Searching the other day, not for anything lost, but for something I could not find, I slowed enough to allow clarity to answer my search. I’ve done my best to remind myself as age intrudes I do not have a memory problem. I have a retrieval problem. On this day, retrieval seemed more problematic than usual.

This strain to retrieve imitates the sense one has having heard of a far off country, but not having visited, and can only imagine its described splendor through magazines and pictures. There might be some similarity to familiar surroundings, but without the local language and culture, the smells and sounds, the “joie de vivre” one gets by being there is lost.

Poetry drives a similar curiosity. A well-constructed poem elicits for the reader all those relatable shared memories and experiences. A good poet by elevating the mundane brings to mind tangible and intimate truth and says it through careful construction.

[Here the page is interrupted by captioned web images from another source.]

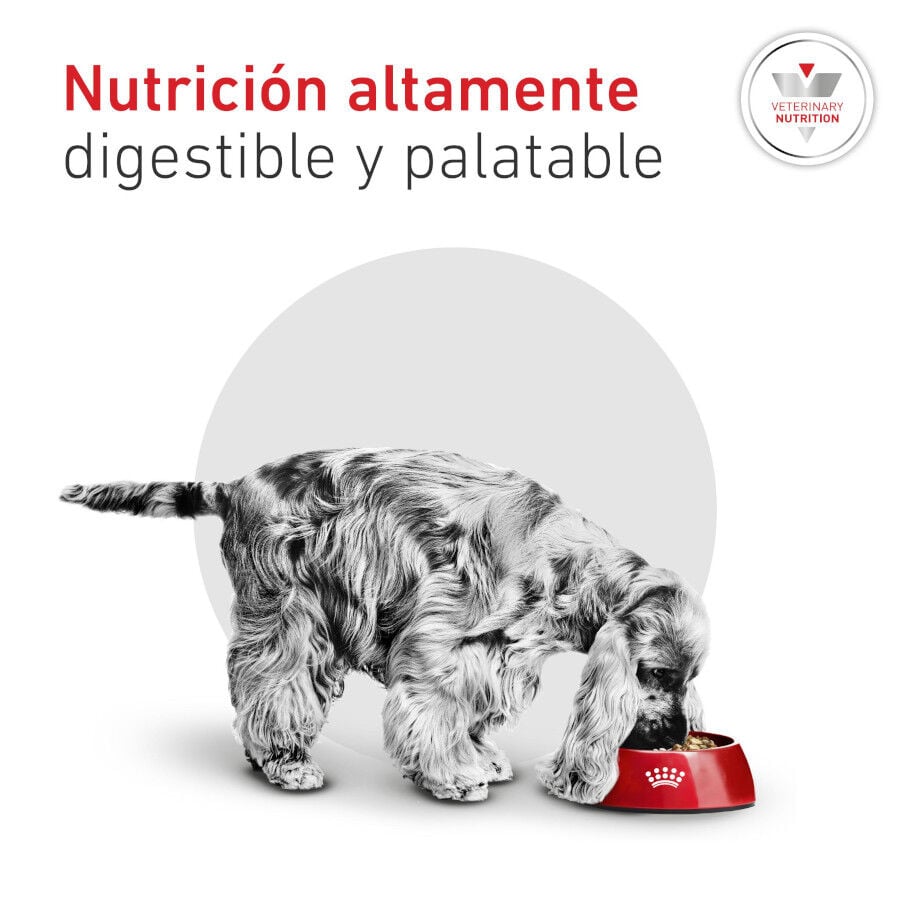 1.5 kg Royal Canin Glycobalance Pienso para perros, , large indicador imagen numero 5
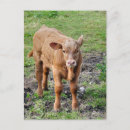 Search for cows vertical postcards Farms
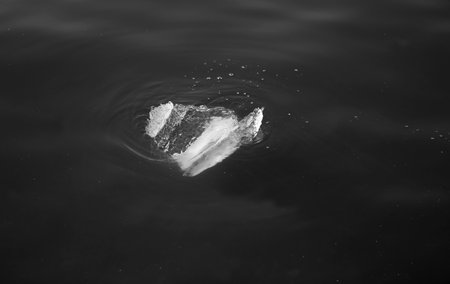 Photo of a piece of ice in the shape of a heart melts in the riverの写真素材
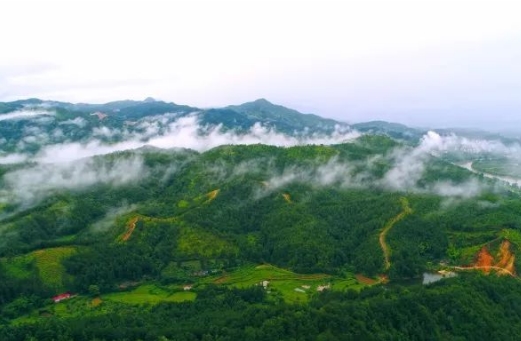 江西會昌山國家森林公園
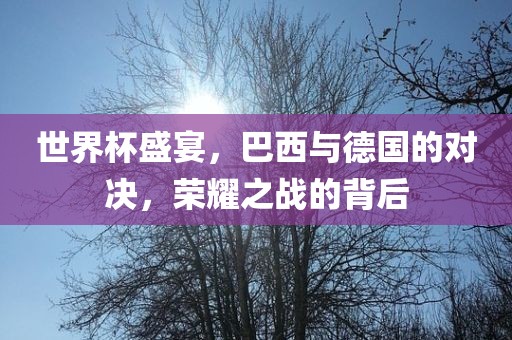世界杯盛宴，巴西与德国的对决，荣耀之战的背后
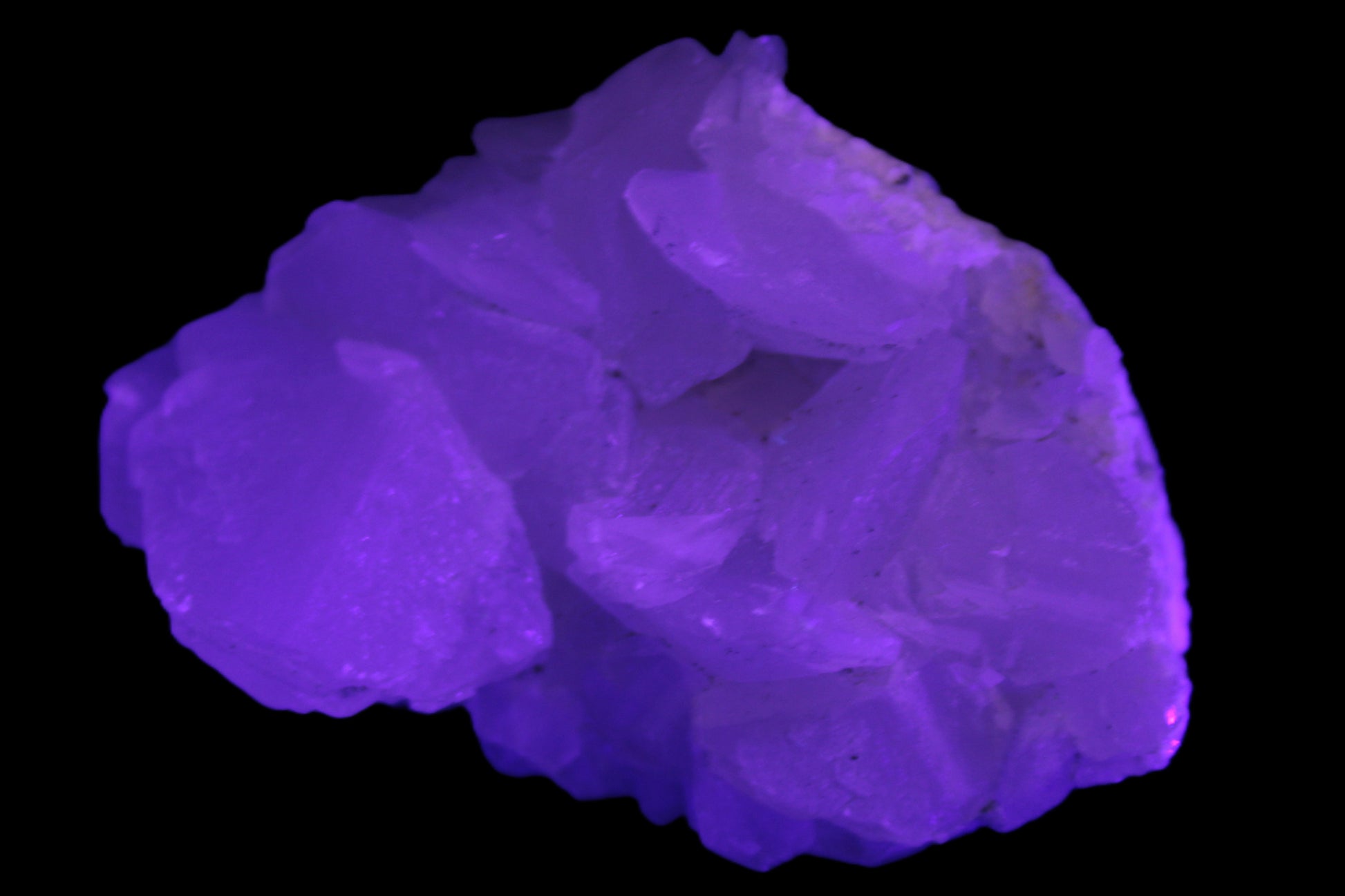 White fluorescent Calcite Cluster 356g Rocks and Things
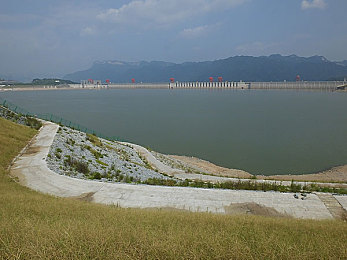挠乳尖,神秘岛屿探险，挠树尖挑战来袭-1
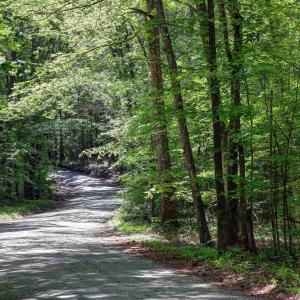 Photo #3 of LOT E LINK EVANS LN, EARLYSVILLE, VA 5.2 acres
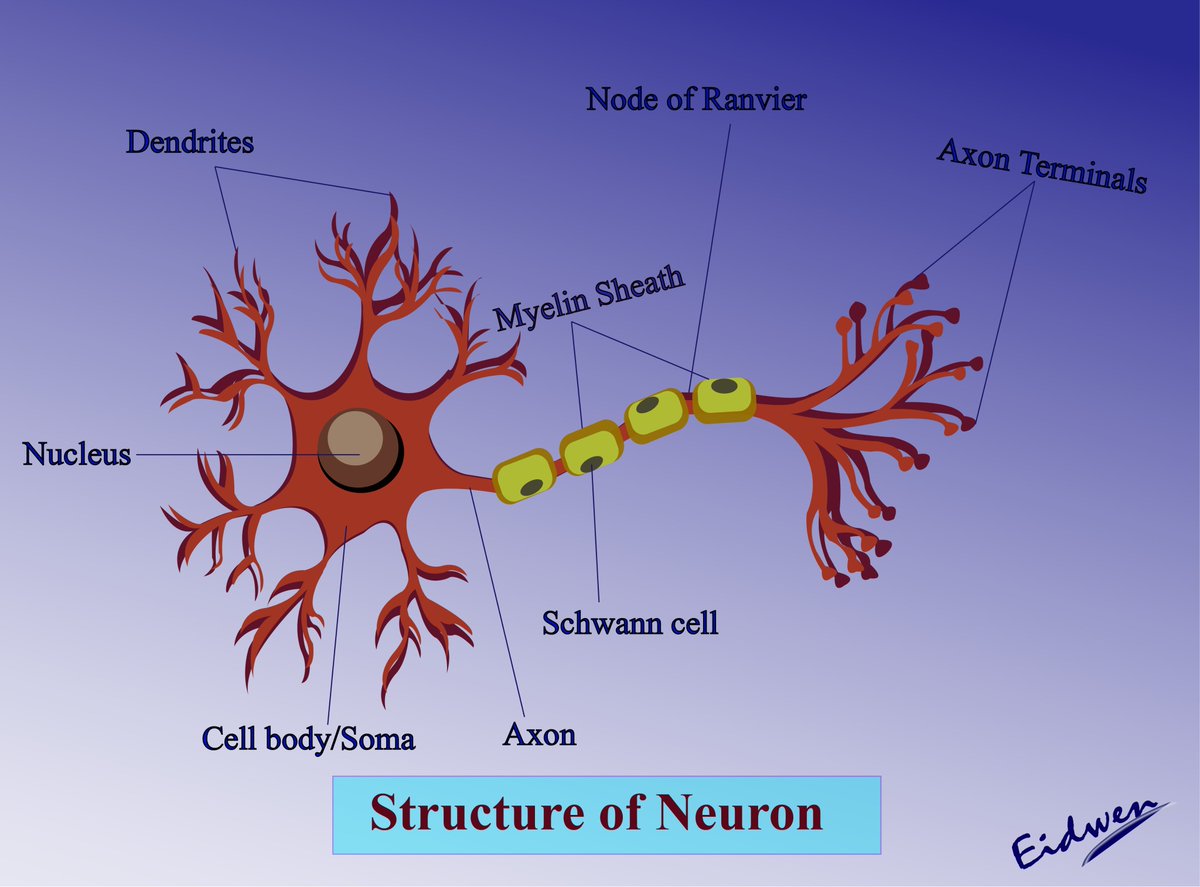 sci_jyo's tweet photo. Day 2: Structure of Neuron

Feedback is much appreciated. 🙂
@Sci_Rio 
#learning #skills #illustration #adobeillustrator #30daychallenge #sciart #medicalillustration #scientificillustration https://t.co/2T0lCfEUas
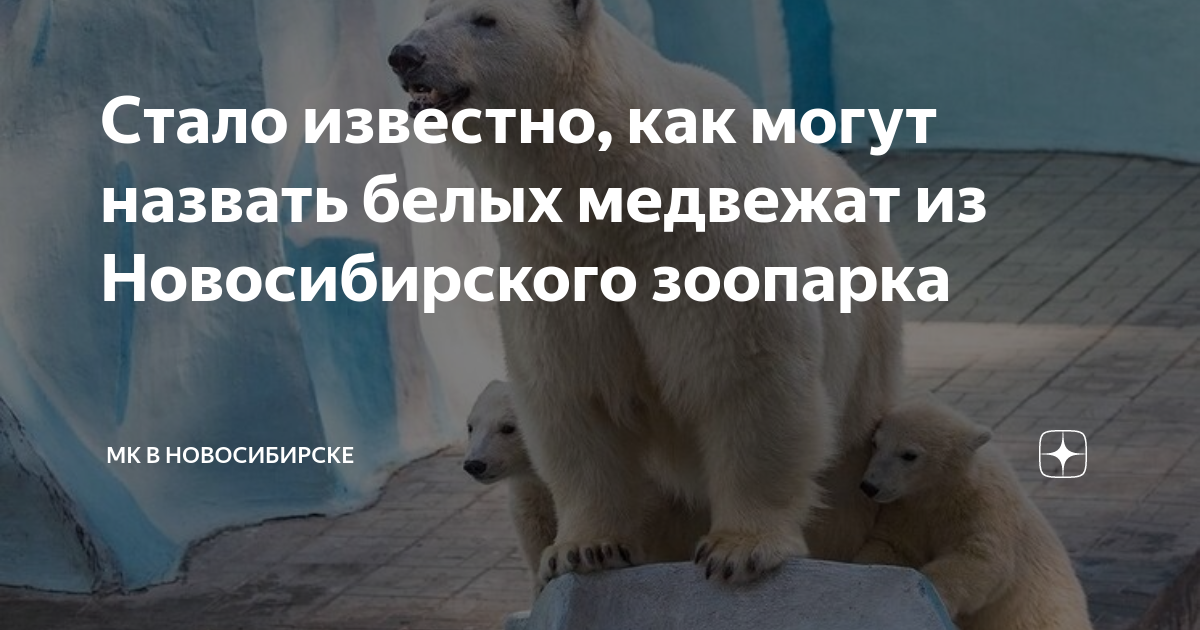 Конкурс рисунков зоопарк новосибирск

But for all the good words on the page, a good poem comes to life not for what’s printed, but for the words erased, discarded and left to evaporate in the poet’s mind. The real truth is between the words, the wondering of meaning emanating from the void. We can never fully comprehend, only surmise.

Bringing the idea closer, more guttural, I would rather be in the kitchen with spaghetti sauce simmering and the noodles boiling, seeing the table set and the bread coming out of the oven than looking at a picture or watching a cooking show describing the process. To this simple Southern boy, it just ain’t the same. Just let me eat.

Not lost to me, in my search I could not find the right word. The sense of it all was there, but I needed a word to transpose that sense into conciseness. Looking for the right one can be difficult, especially to a diction-challenged writer. Sometimes the Word has to come when not looking, when quiet and unsuspecting, rising into consciousness as though suddenly tapped on the shoulder from behind. And then, all is clear.

When the Word came, my burden lifted, the air freshened, the sun burned away the fog and everything appeared as if it had always been that way. In a burst of light, my angst faded.

“In the beginning was the Word, and the Word was with God, and the Word was God. He was in the beginning with God. All things were made through Him, and without Him nothing was made that was made. In Him was life, and the life was the light of men. And the light shines in the darkness, and the darkness did not comprehend it” (John 1: 1-5).

Maybe the Word was looking for me.

Maybe the sense I felt reflected that Word all along.

Maybe the Word I needed was there all the time.

“For the Son of Man came to seek and to save the lost” (Luke 19:10).